First Person: Jenn Chang


As told to Paulette Beete
a headshot of Jenn Chang, who is an Asian-American woman with long dark hair parted in the center and falling over shoulders. She is smiling. The background behind her is blurred.

Jenn Chang. Photo courtesy of Ms. Chang

Jenn Chang joined the National Endowment for the Arts earlier this year to serve as the agency’s White House liaison and senior advisor to the chief of staff, after working with the Biden-Harris transition team. She previously worked at WolfBrown and before that for more than a decade at Google, during which time she also earned a master’s degree in viola performance from the Juilliard School. Chang grew up in a family of musicians, “the Chang Family Band” as she says, and when not working on issues of equity and systemic change for the agency, she’s been participating in recording projects spearheaded by her mom.

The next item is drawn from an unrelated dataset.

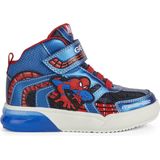 Sneakers met LED Grayjay x Spiderman GEOX. Synthetisch materiaal. Maten 38. Blauw kleur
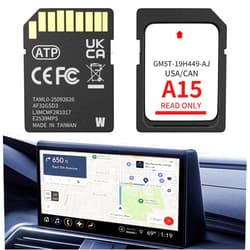 Bawanfa Plus 2026 Latest A15 Navigation SD Card Map Accessory for Ford Lincoln, F-150 Explorer Fusion Expedition Escape Edge MKC MKZ MKX Sync 2 Navigation SD Card Accessories Update USA/Canada Maps, GM5T-19H449-AJ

Her favorite to date? A recording of “My Favorite Things,” which she reported, “featured my three-year-old son bouncing a basketball in time to the music. It’s his instrument of choice!” In her own words, Chang shares with us why she thinks participating in the arts is important not just on an individual level but a national level.

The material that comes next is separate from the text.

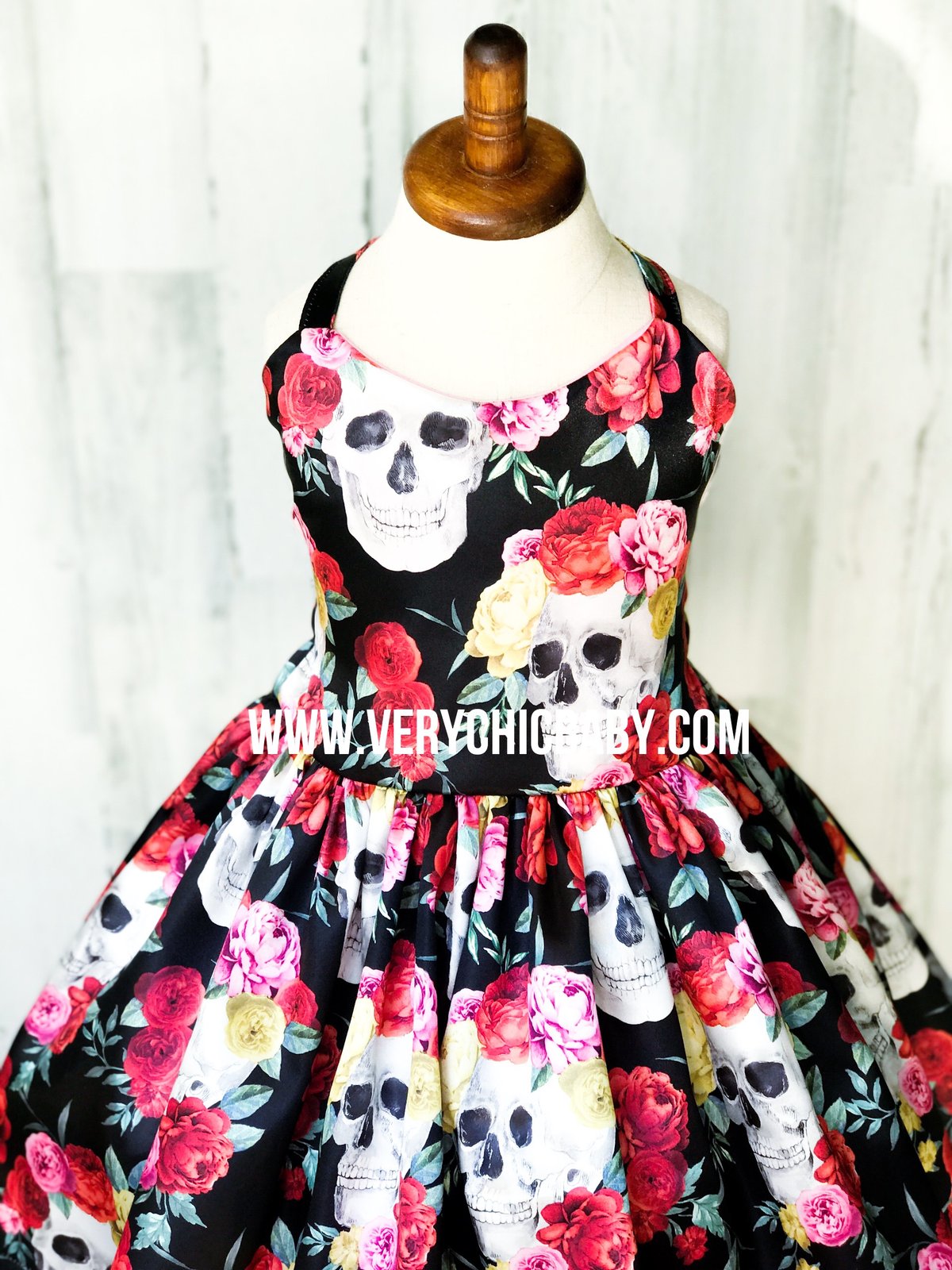 Skull Black Dress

The arts, music in particular, were a huge part of my childhood. In fact, being a musician was always an expectation in my family. It wasn’t, “Will you play an instrument?” but, “Which one will you play?” That’s in large part because my dad is a professional violinist and my mom is an amateur violinist, violist, guitarist, ukulele player, and pianist. So I grew up in a full-on music household. Some of my earliest memories are listening to my dad practicing the violin between midnight and 4:00 A.M. I would always fall asleep to whatever passage of violin music he was working on at the time. 

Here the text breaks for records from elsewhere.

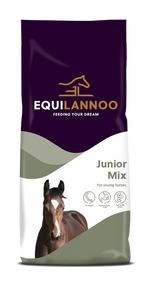 Equilannoo Junior Mix – Hrană completă pentru mânji și cai tineri (1–3 ani)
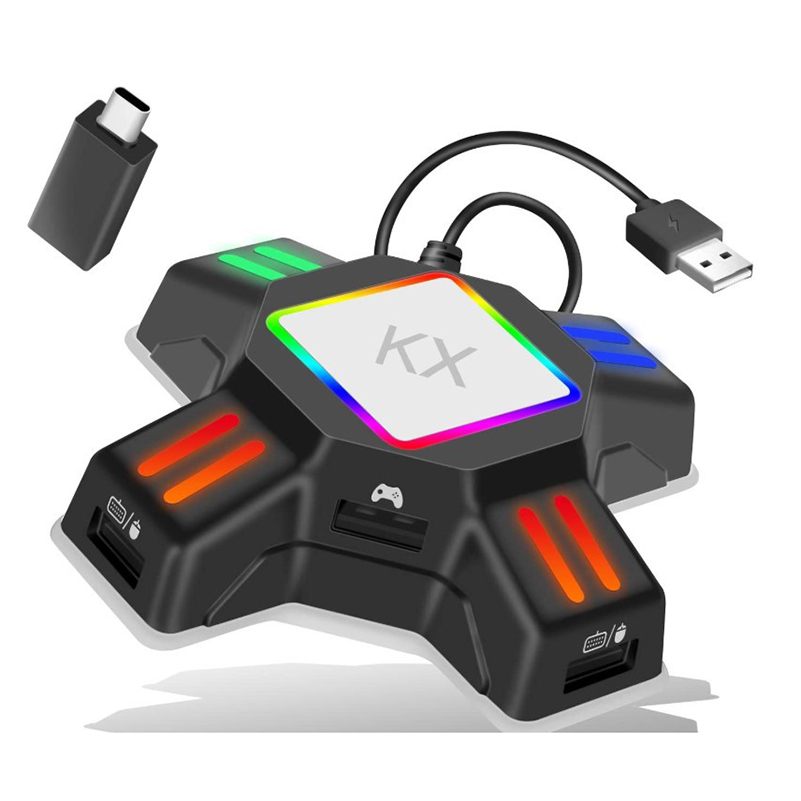 KX Adapter for PS4 Controller  - Gaming Keyboard And Mouse For Xbox review and price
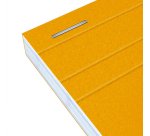 Bloc-notes Oxford Orange 8,5x12cm petits carreaux 5mm 80 feuilles agrafées couverture carte enduite orange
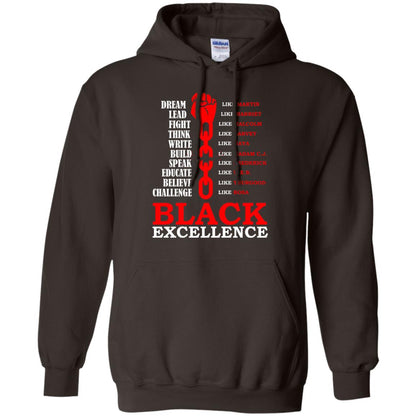 Black Excellence Black Af Proud African American T-shirt Dark Chocolate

I never actually considered being a professional musician until I moved to San Francisco after college to work at Google, where I learned it was very possible to play at a professional level with other professional musicians while still maintaining a day job. This idea of having feet in different worlds, having the opportunity to play music that I really liked at a high level while also pursuing a career in something very different has always been interesting to me. 

I think being an artist and a musician is really at the core of how I look at the world. In particular, the role that a violist plays in a string quartet, for example, teaches you at a very basic level the necessity of working well with others. You cannot be a musician in a silo. In the music that I love to play, which is chamber music. a small group of people needs to work together, in distinct roles, toward a very specific deadline to craft a holistic picture in real-time under the pressure of being on stage. That helps you think about the ways that [kind of collaboration] happens in a non-musical setting. 

I also think that creativity is not just infused in being an artist. I think the best people I’ve ever worked with in a corporate setting are the ones who think creatively about solutions that are not the ones that are right in front of them. Problem-solving and thinking through challenges in nuanced ways and reacting, responding, and being flexible in real time are all things, again, that are exhibited in string quartet playing and in being a musician more broadly.

On an individual level, engagement in the arts teaches so many life skills; it teaches resilience, flexibility, creativity, and ultimately an understanding of and appreciation for other humans. To me, a big benefit of the arts at a national level is [that we are] really building a nation full of resilient, creative, flexible people who are able to relate to each other on some level, even if they disagree on some stuff.